Aber die Entlohnung steht laut einer aktuellen Studie des Deutschen Instituts für Pflegeforschung gar nicht an erster Stelle bei den Wünschen der Pflegenden. Vielmehr möchten sie eine stärkere Wertschätzung durch die Arbeitgebenden (Isfort et al., 2022). Anders gesagt, geht es um attraktive Arbeitsbedingungen. Sicherlich spielt eine auskömmliche Vergütung dabei auch eine Rolle. Pflegende wünschen sich aber vor allem ausreichend Personal und gute Teams. Dieser Appell richtet sich an Politik und Arbeitgebende gleichermaßen, weil hier die Weichen für Ressourcen gestellt werden und dort die Unternehmenskultur gesteuert wird.
Fazit
Im vergangenen Jahr hatten wir unseren Beitrag mit dem hoffnungsvollen Satz beendet: „Es bleiben vielleicht immer noch nicht genug, aber wir sind auf einem guten Wege!“ Das bezog sich auf den Umstand, dass auf Grund der Belastungen durch die Corona-Pandemie viele Pflegekräfte abzuwandern drohten.

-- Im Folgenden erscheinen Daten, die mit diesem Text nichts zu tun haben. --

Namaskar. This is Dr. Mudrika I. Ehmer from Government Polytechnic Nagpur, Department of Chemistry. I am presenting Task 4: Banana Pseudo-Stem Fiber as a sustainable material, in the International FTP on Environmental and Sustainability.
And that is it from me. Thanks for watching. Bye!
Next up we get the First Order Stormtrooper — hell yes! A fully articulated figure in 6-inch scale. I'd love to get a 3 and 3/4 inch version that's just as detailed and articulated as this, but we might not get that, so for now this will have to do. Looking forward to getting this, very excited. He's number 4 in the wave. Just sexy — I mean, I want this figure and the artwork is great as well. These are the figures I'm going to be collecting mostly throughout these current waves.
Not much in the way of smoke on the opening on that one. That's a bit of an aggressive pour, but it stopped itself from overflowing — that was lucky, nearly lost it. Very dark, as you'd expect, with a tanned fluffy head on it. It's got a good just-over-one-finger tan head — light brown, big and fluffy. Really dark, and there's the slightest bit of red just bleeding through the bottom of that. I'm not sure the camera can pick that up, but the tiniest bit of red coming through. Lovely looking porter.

Tatsächlich zeigen Studien, dass der befürchtete Pflexit im Moment nicht stattfindet. Dennoch fällt die Zuversicht angesichts einer teilweise widersprüchlichen Pflegestrategie der Bundesregierung, der Verschiebung des öffentlichen Interesses und der pflegeinternen Fliehkräfte in diesem Jahr verhaltener aus.

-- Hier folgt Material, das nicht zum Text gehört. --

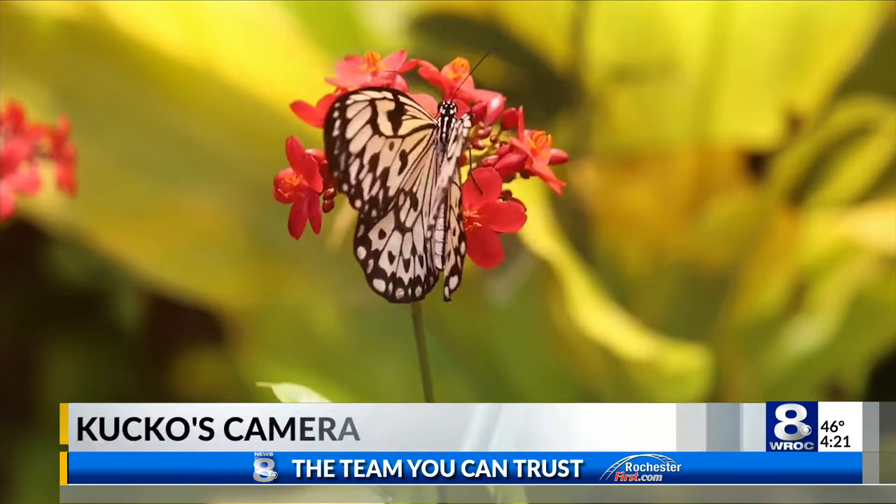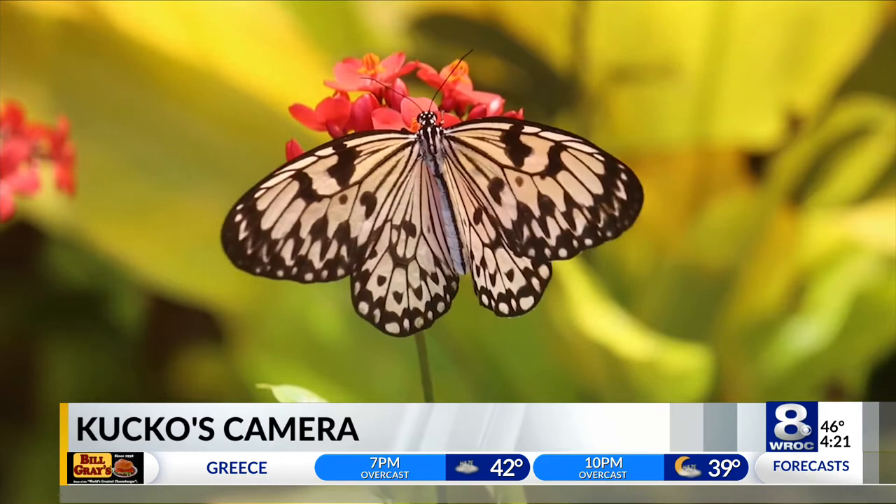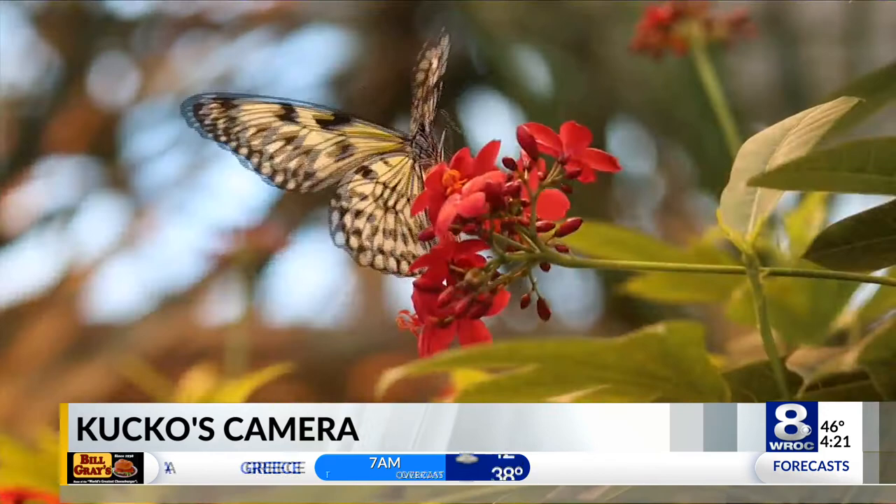The butterfly garden there is absolutely fabulous. They'll get some 500 butterflies throughout the year, 80 different varieties. That's a terrific sight to see — like a tropical rainforest inside.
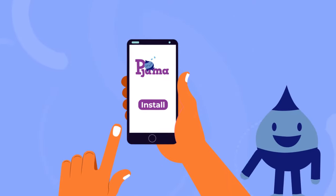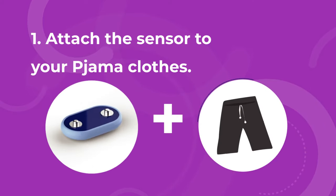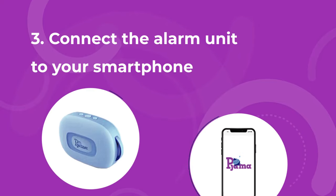After finished registering, it is time to connect. First, attach the sensor to your pajama clothes. Then, switch on the alarm and wait for the beep. Connect the alarm unit to your smartphone.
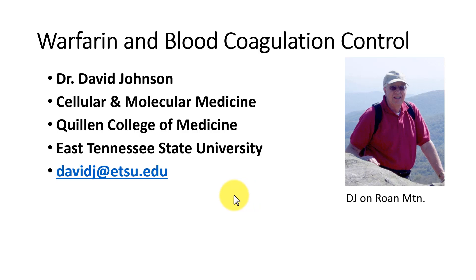This is Dr. David Johnson at Quilland College of Medicine, East Tennessee State University, and this talk video is about warfarin and blood coagulation.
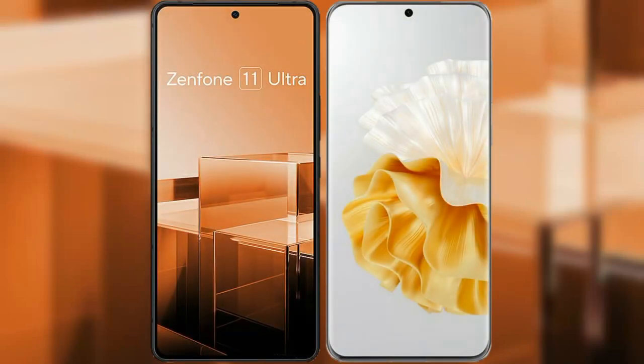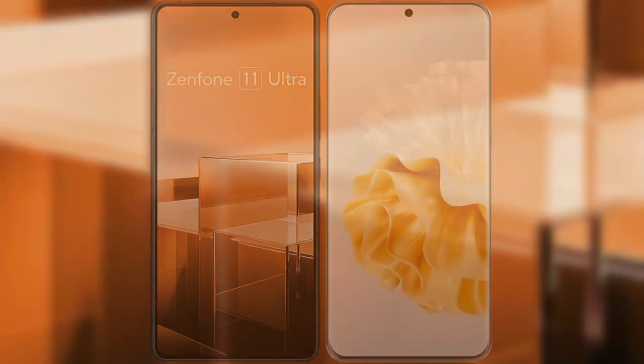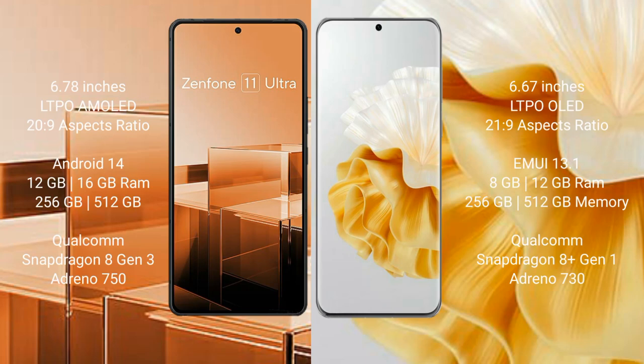I will compare the new Asus Zenfone 11 Ultra with Huawei P60 Pro. Asus Zenfone 11 Ultra comes with a 6.78-inch LTPO AMOLED display at 20:9 aspect ratio. Huawei P60 Pro comes with a 6.67-inch LTPO OLED display at 21:9 aspect ratio.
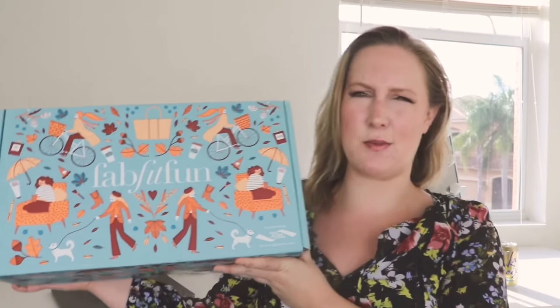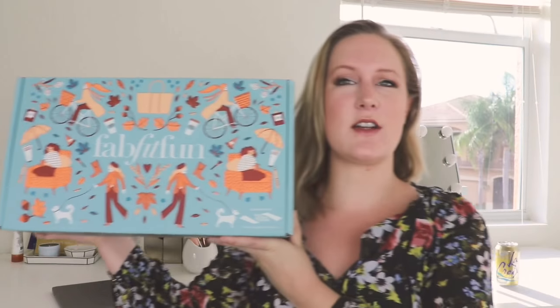Hi everyone! I finally have a subscription box to unbox with you — FabFitFun. This box is huge, it takes up like the entire frame. I love seasonal boxes; they always have such a higher value than monthly boxes. FabFitFun is a lifestyle box full of full-size goodies and always has a retail value greater than $200 — in my experience it's always been greater than $350. It's $49.99, but I have a code for $10 off, so it would be $39.99 for your first box. The code is fab10 and I'll leave the link and coupon code in the description box.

Der 12. Mai trägt ein weltumspannendes Attribut, es ist der „International Nurses Day“. Das macht Mut. Denn angesichts einer immer stärker verzahnten Welt ist davon auszugehen und bleibt zu hoffen, dass die guten Beispiele, insbesondere aus dem nahen westlichen und nördlichen europäischen Ausland dafür sorgen werden, hierzulande bei Wertschätzung, Empowerment und Arbeitsbedingungen für die Pflegenden für deutliche Fortschritte zu sorgen.
Eine Kerze brennt, aber die Feier bleibt in Anbetracht der bestehenden Herausforderungen am 12. Mai aus.